The background task scheme is initiated by the TN node. The TN node maintains a state machine, which discovers the node and initiates an asynchronous task to the CN node to invoke the background task. This process does not require high reliability and asynchronous background tasks do not require high real-time responsiveness and idempotence.

05 HA Keeper

HA Keeper maintains the state of each node in the cluster, keeps a heartbeat with each node in the cluster, and pulls the node up when the node hangs; in addition, HA Keeper also interacts with the external K8S resource pool to establish the context of the added nodes. HA Keeper is a reliable cluster with a single Raft group, which does not have a high degree of concurrency itself, and can only carry a low heartbeat frequency.

01 Workflow

MatrixOne uses a two-phase commit (2PC) implementation of transactions that is slightly different from the current NewSQL solution. The specific writing process is as follows:

The client writes data using the write interface and saves the read/write space of the transaction on the CN node after the request reaches the CN node. The data starts conflict detection only regarding the TN(TN in the diagram) node.

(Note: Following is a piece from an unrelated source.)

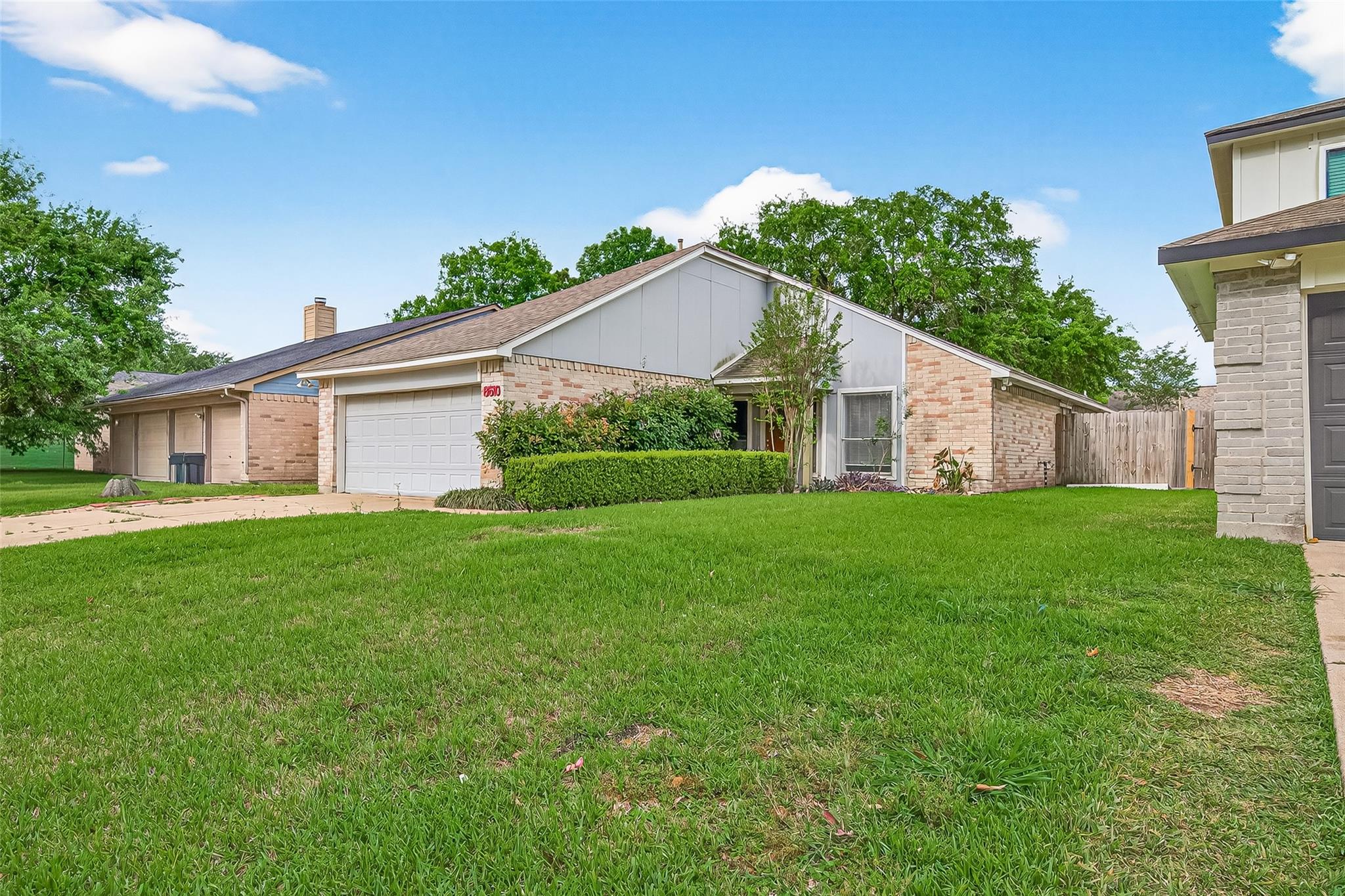 6510 Paso De Sol Dr, Houston, TX 77083 photo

The data interactions that occur in the middle of a transaction from begin to commit are stored on the CN node's workspace, and once the client initiates the commit, the CN node performs a two-phase commit to push the data to the TN node. The workspace data may be distributed across multiple TN nodes, so we designed a two-phase processing flow within the TN node: The first stage is Prepare and the second stage is commit.

To ensure the reliability of the two phases, we ensure that one of the multiple TN nodes is chosen as the coordinator, a role also known as transaction record in some systems.The first TN node we do transaction commit and record all the transaction participants in the transaction coordinator.

When a transaction occurs, the prepared log is first written to the Log service for persistence, including the commit information of the transaction, the prepare information on the TN, etc. The prepared transaction information will be returned to the CN, which receives the response from the transaction participants, i.e., the whole transaction is successful, and then returns that the user commit has been successful; or that the user commit has been successful; or that the user commit has been successful, or that the user commit has been successful. The CN node receives the response from the transaction participant, which means the whole transaction is successful, and then returns to the user that the commit has been successful; or it returns to the user after the rollback.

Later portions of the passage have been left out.